■ DATA EXTRACT
========

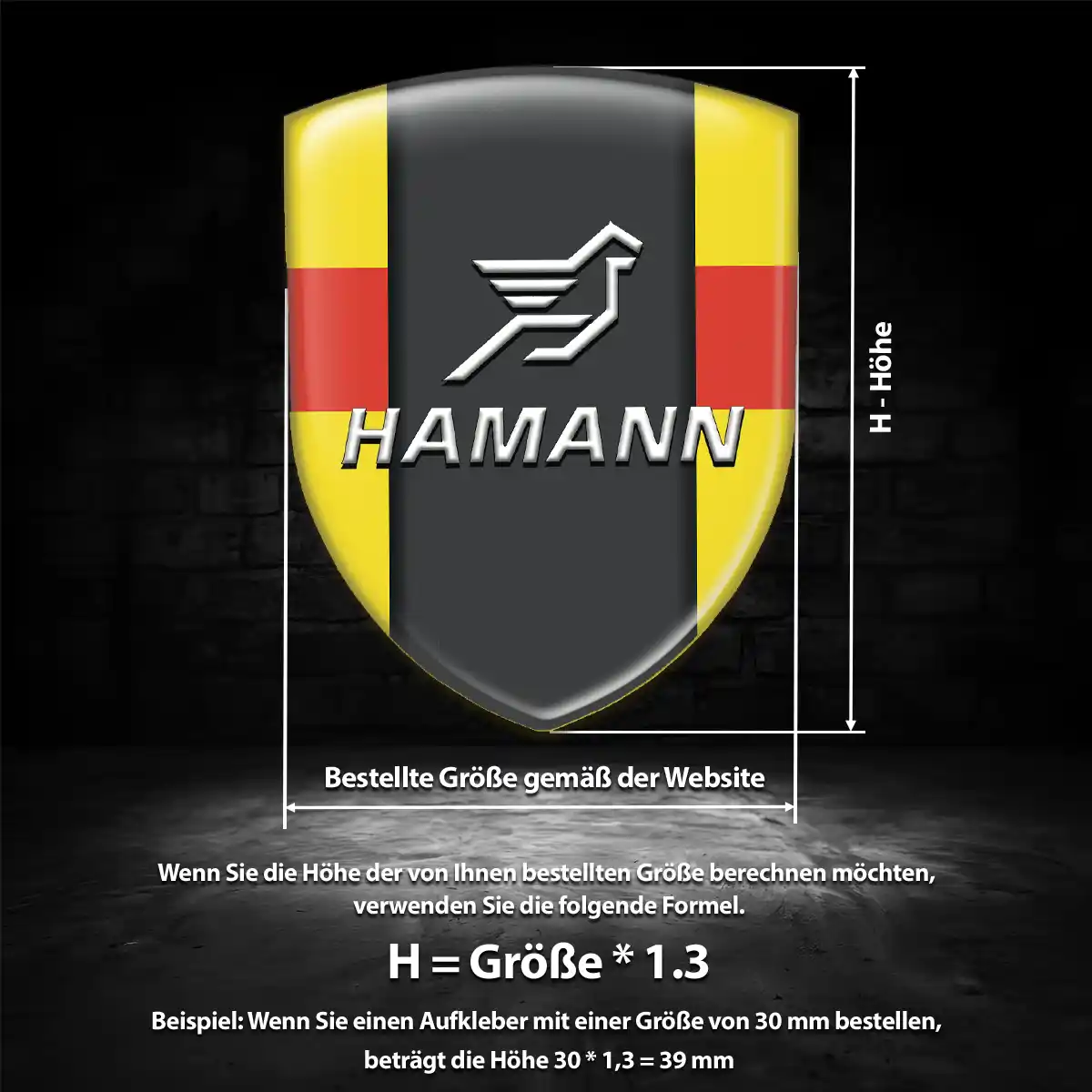 Hamann Wappen Emblem Aufkleber Auto Hochwertiges Harz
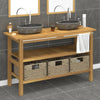 Stella Homewares Bathroom Vanity Cabinet with River Stone Sinks Solid Wood Teak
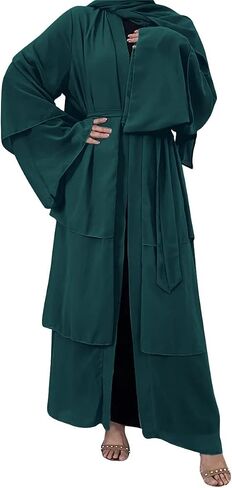 Muslim Chiffon Abaya for Women Open Front Cardigan Modest Dress with Hijab Scarf Middle East Arabian Robe Islamic Long Dress in Saudi Arabia
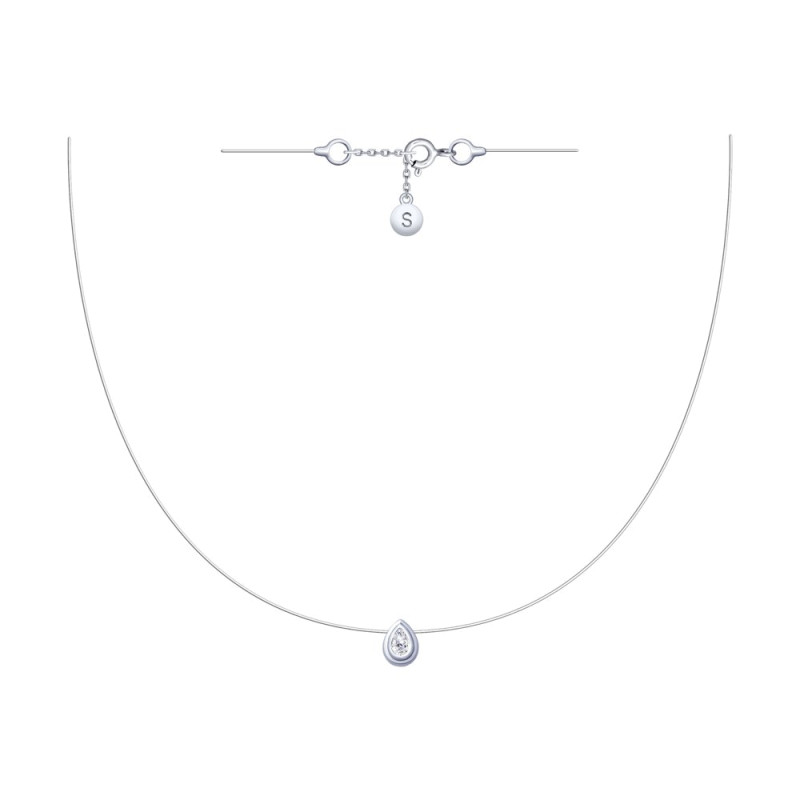 Колье на леске с фианитами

========

Reproduce, with the pictures omitted, exactly those lines that run from the line with "Stella Homewares Bathroom" to the last line of the material, both ends included.

 Stella Homewares Bathroom Vanity Cabinet with River Stone Sinks Solid Wood Teak
 Muslim Chiffon Abaya for Women Open Front Cardigan Modest Dress with Hijab Scarf Middle East Arabian Robe Islamic Long Dress in Saudi Arabia
 Колье на леске с фианитами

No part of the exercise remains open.